Saturday, November 10, 2007
Making memories at Burger King
Because my son and daughter-in-law had places to go and people to see, Nana and Grandpa (that's us) stayed with Elijah, age 11, and Noah, age 9, Thursday afternoon and evening. They finished their homework, and when mealtime rolled around, I took the boys to Burger King. We promised to bring something home to Nana. I don't know what you do when you go to Burger King, but we were sitting in our booth talking. I mentioned that their cousin Matthew had been chosen to sing in his county's honor chorus and the concert was next Thursday night.
"Really!" said Elijah.
"Yes," I said. "Would you guys like to go hear him sing if it's all right with your Mom and Dad on a school night?"
Elijah said, "I would," but Noah said, "No, not really."
Since we were on the subject of music, I suppose, Noah said, "Every morning we sing 'America the Beautiful' at school." He started singing, "O, beautiful for purple skies" and Elijah and I joined him at "For amber waves of grain." Our little trio wasn't loud and we weren't disturbing anyone else in the restaurant, as far as I could tell.
When we finished the first verse, I said, "That song has several more verses." Noah said, "It does?" and Elijah began singing, "O, beautiful for patriot dream" so I joined in again and made it a duet. Noah just listened.
When we finished that verse, I asked, "Do you say the Pledge of Allegiance every morning too?" They said they did. I asked them if they sang "The Star-Spangled Banner" and they said they didn't. I told them that some people think "America the Beautiful" ought to be our national anthem because it is prettier and easier to sing than "The Star-Spangled Banner."
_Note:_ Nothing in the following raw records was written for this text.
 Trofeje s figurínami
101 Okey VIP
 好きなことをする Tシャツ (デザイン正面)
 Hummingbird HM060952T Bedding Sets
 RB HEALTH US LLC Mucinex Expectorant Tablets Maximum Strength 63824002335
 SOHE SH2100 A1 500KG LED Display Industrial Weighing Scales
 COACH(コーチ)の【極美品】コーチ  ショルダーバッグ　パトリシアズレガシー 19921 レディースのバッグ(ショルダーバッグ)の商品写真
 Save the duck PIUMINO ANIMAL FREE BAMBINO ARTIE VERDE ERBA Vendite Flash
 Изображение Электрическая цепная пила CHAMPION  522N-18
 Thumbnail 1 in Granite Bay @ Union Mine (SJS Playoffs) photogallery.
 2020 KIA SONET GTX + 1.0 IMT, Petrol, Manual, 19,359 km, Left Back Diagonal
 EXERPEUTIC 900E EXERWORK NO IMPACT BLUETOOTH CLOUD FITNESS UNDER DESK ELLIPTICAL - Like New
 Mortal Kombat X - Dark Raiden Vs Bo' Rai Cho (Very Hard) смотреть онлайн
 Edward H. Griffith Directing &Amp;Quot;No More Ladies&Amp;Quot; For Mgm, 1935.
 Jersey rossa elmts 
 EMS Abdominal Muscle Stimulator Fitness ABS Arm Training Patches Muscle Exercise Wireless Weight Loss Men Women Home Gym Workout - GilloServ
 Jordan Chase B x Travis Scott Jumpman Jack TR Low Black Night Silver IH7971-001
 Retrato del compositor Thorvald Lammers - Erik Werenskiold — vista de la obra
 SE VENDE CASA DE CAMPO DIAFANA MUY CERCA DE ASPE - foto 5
"But I think 'The Star-Spangled Banner' is more patriotic," said Elijah.
"Well, it was written during a war," I said. Noah said, "It was?" and I said, "Yes, during the War of 1812, during a battle at night. The man who wrote the song could see that our flag was still there because of the light from the rockets' red glare and the bombs bursting in air."
"Oh," said Noah. We paused and reflected. As the Psalmist said, Selah.
Noah asked, "Grandpa, when was World War I?"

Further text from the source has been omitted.